Update: Forza Horizon 3 has newly topped our list of the best racing games you can play on PC. Continue on to find out why!

Few genres manage to unite people from all walks of life like a good racing game. Whether your preference is for outlandish fun or intense realism, the vast collection of racing titles available for PC is sure to offer something that gets your pulse racing and your cheeks aching.

In 2016 the list of racing games is seemingly endless – every single genre of motor racing is covered in some capacity. Fortunately for you, we’ve managed to narrow down the selection and pick out some of the best PC racing games out there today.

Gabe Carey has also contributed to this article

1. Forza Horizon 3

best racing games

As indicated in our review, Forza Horizon 3 is “a petrol-head’s dream,” and we don’t use that phrase lightly. Iterating on 2014’s Forza Horizon 2, exclusive to the Xbox One, Forza Horizon 3 is the first full game in the entire Forza racing franchise to appear on PC – more specifically on the Windows 10 Store as part of the Xbox Play Anywhere program.

As such, Forza Horizon 3 brings all the beloved elements of the Forza Horizon sub-series to a wide range of capable gaming machines, and in stunning 4K at 60 fps if your rig can handle it.

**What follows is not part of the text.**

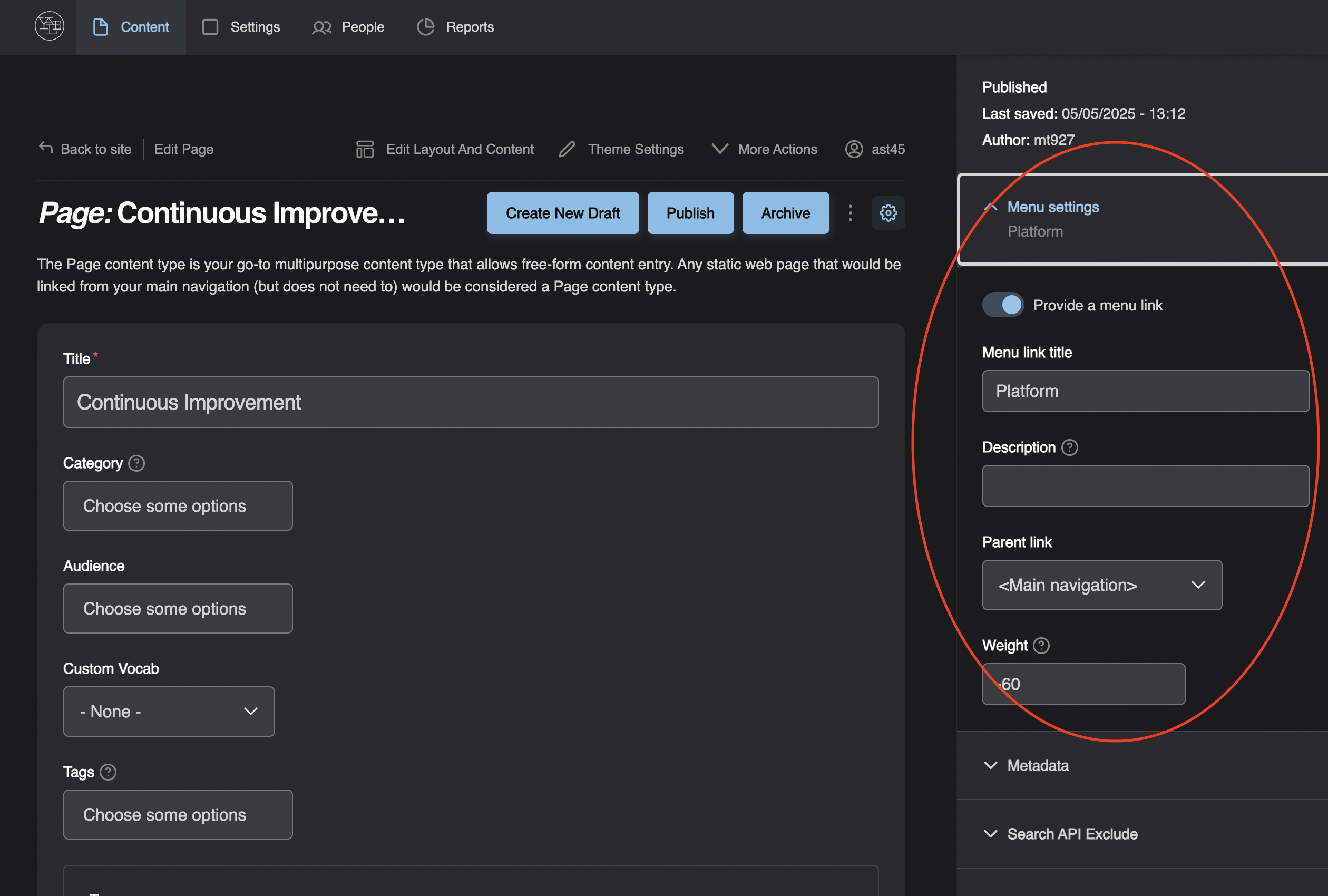 screen shot side panel in manage settings on a page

Along with the visual prowess the series is known for, Forza Horizon 3 brings along with it a distinct convergence between arcade and simulative racing.

Included in Forza Horizon 3 are all the outrageous damage bonuses, Speed Zones and barn finds of its predecessor, accompanied by a slew of customization options, head-to-head drivatar challenges and circuit races that appease sim racing fans and casual players alike. All of this takes place on an Australian map of the largest open world the series has seen to date.

2. Obliteracers


While the motorsport enthusiasts amongst you have plenty of racing simulations to drool over, those who prefer something a little more casual are often told to buy Nintendo’s latest console and stick to Mario Kart.

The dodgy Italian plumber is unlikely to ever make its way to the PC in any official capacity, but Obliteracers does a mighty-fine job of filling the pixelated void with a game that allows up to 16 players to compete on a single PC using gamepads, laptops and smart devices as extra controllers.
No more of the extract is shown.